Senior CEOs in the US were prepared to take a 12% pay cut—equivalent to USD 1.3 million a year—in order to work for top brands, according to research conducted by the London Business School. The team behind the survey, which looked at more than 10,000 compensation-brand observations, argued that the results showed a strong correlation between the perceived strength of the brand and the executive’s willingness to accept lower pay.
It comes as increasing amounts of research is showing the link between brand and talent attraction—with LinkedIn’s Asia Talent Trends Report earlier this year establishing a clear link between the two. But seemingly, this is the first time that senior executive have gone all-out to even accept lower pay just to be associated with a brand. The research contributes to an already highly charged debate over the ever-increasing salaries of company’s top executives by highlighting that investment in brand and marketing can allow for greater internal regulation over executives’ pay.

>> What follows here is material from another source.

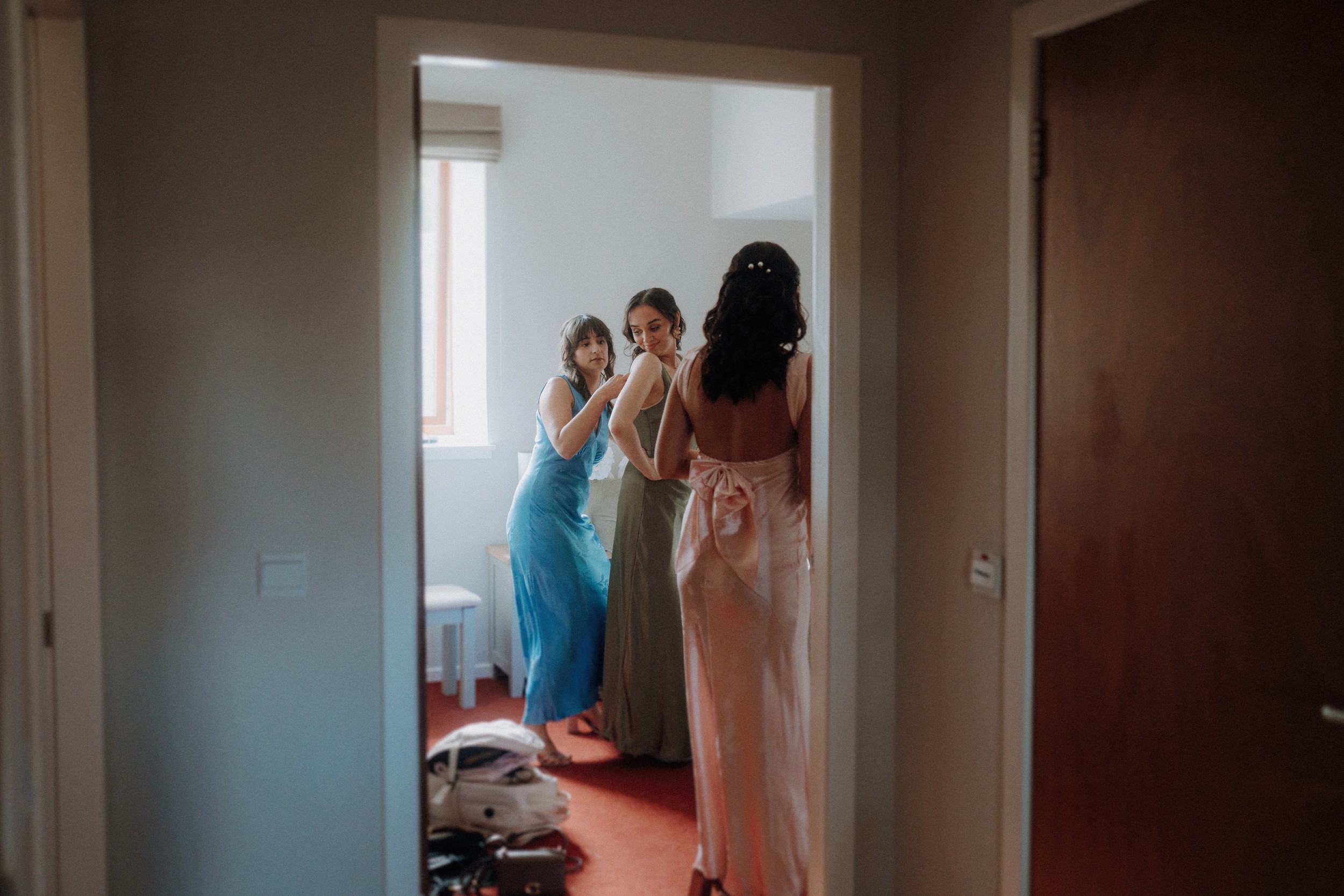 Three women in formal dresses stand in a room, two are looking in a mirror while the third stands with her back to the camera. A bag sits on the floor near them.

The lead academic behind the results, Nader Tavassoli, Professor of Marketing, London Business School explained, “A well regarded brand can do more than just helping to recruit the best leadership talent—with pay accounting for the largest cost in many organisations, it can also benefit the bottom-line by lowering payroll. HR teams should therefore leverage brand equity as much as they would more-traditional benefits.”
While this adds an interesting dynamic to debate over executive pay, the research however did uncover that younger executives were more likely to take a salary-hit than their older counterparts. Such trends were put down to younger talent wanting the brand association to build up their identity and portfolio—which was deemed particularly important if they wanted a credible indicator of their talent.